Probably doesn't help you much, but those static-like noises can often be easy, but can sometimes be very tricky.

It's probably the aliens. They know I'm there if I'm turning up the stereo...


----------



## PhotonWrangler (Apr 24, 2013)

tjswarbrick said:


> Last time I replaced the tubes, the problem went away for about a month - then came back.



Have you tried spraying the tube sockets? I'm also wondering if there's a cold solder joint on one of the pins on the socket.


----------



## tjswarbrick (Apr 25, 2013)

PhotonWrangler said:


> Have you tried spraying the tube sockets? I'm also wondering if there's a cold solder joint on one of the pins on the socket.
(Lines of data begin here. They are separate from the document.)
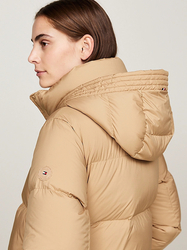 Tommy Hilfiger dámská péřová bunda - XS (RBL)
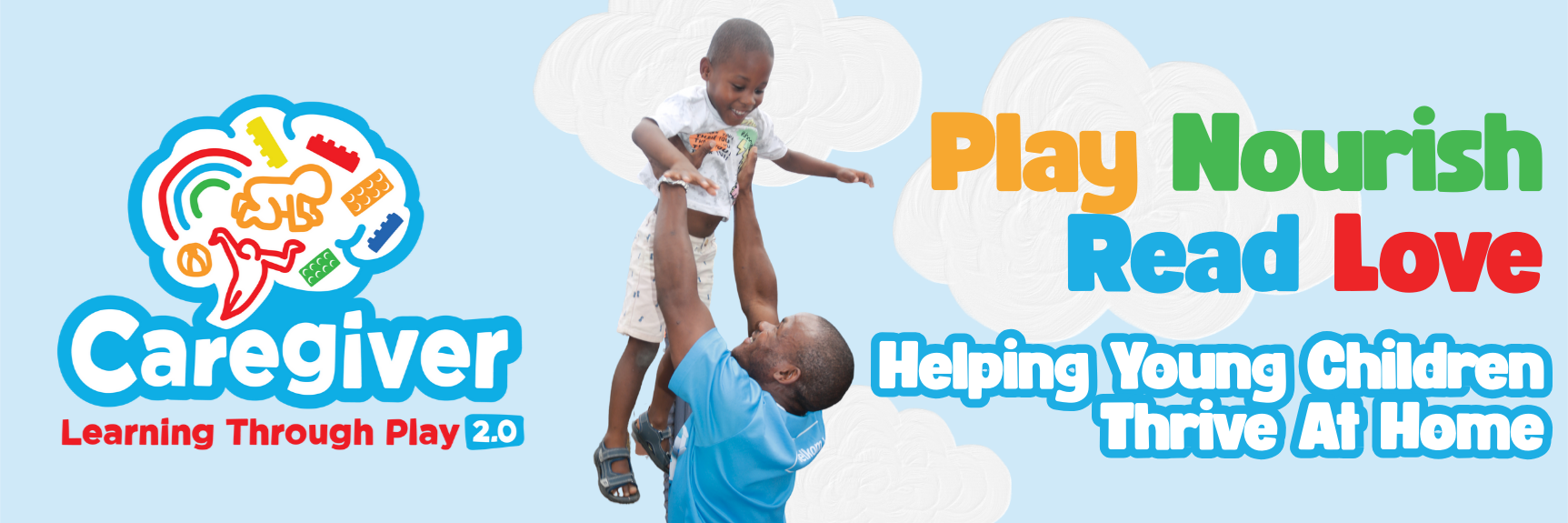 Caregiver Learning Through Play 2.0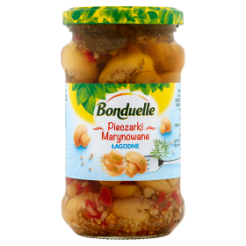 Bonduelle Pieczarki Marynowane Łagodne 314 Ml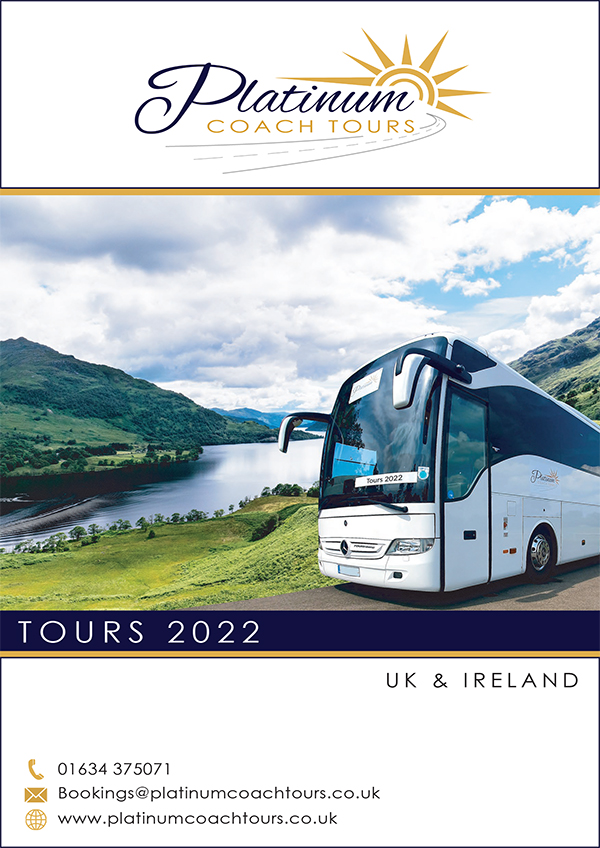Platinum Coach Tours Brochure 2022 1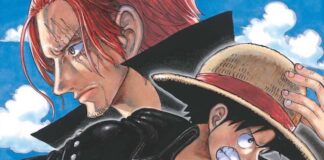 One Piece Film: Red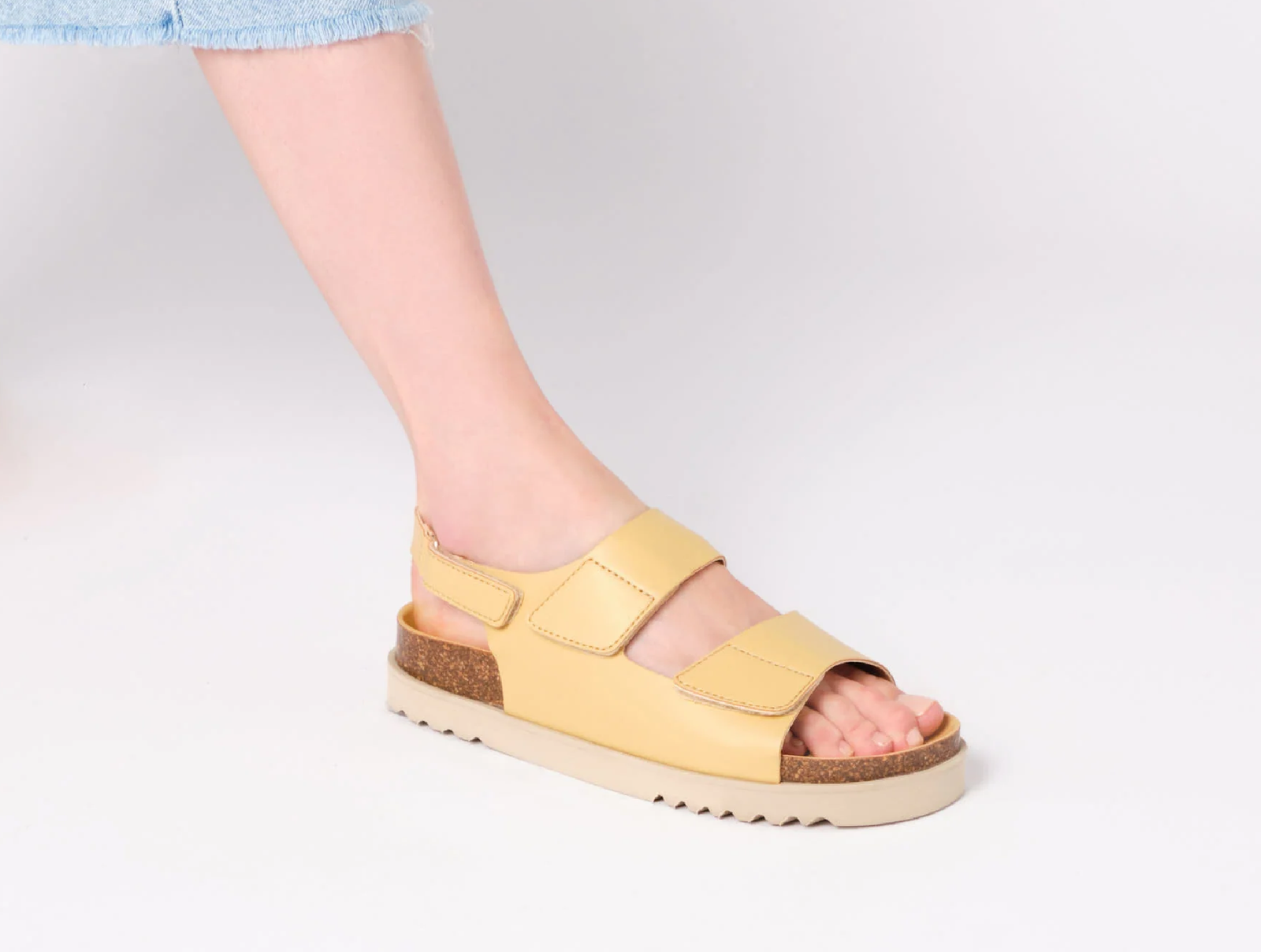 Sandale Sierra Sandal Jaune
Yes. Didn't mention that, but I sprayed them along with the pots when I first noticed the noise. I re-installed the same tubes, and it made no difference.
Also, This is my 4th set of tubes (1 set was so microphonic I had to pull 'em right out.) None of the others cleared up the issue at all, though iirc one set did make it seem worse.
Cold solder joint? No idea. Not even sure how to check. I'm sure not taking the socket out, but I can crack the cover again and take another look around.
It's an Audible Illusions Modulus 3A. He's no longer making them. A local record/HiFi shop offered to have a look at it, but they wanted to replace just the defective pot with the "current" Alps version -which I don't think is the right approach. So I haven't let them touch it.


----------



## Backpacker Light (Apr 25, 2013)

mountaindewer said:


> might be dust



I have had some very good results eliminating that clicky static like noise by pulling the volume knob off, and spraying inside and behind, the best I could, with a can of simple "compressed air" used to clean electronics. 

Immediate improvement, so I wondered if it was not just dust.


----------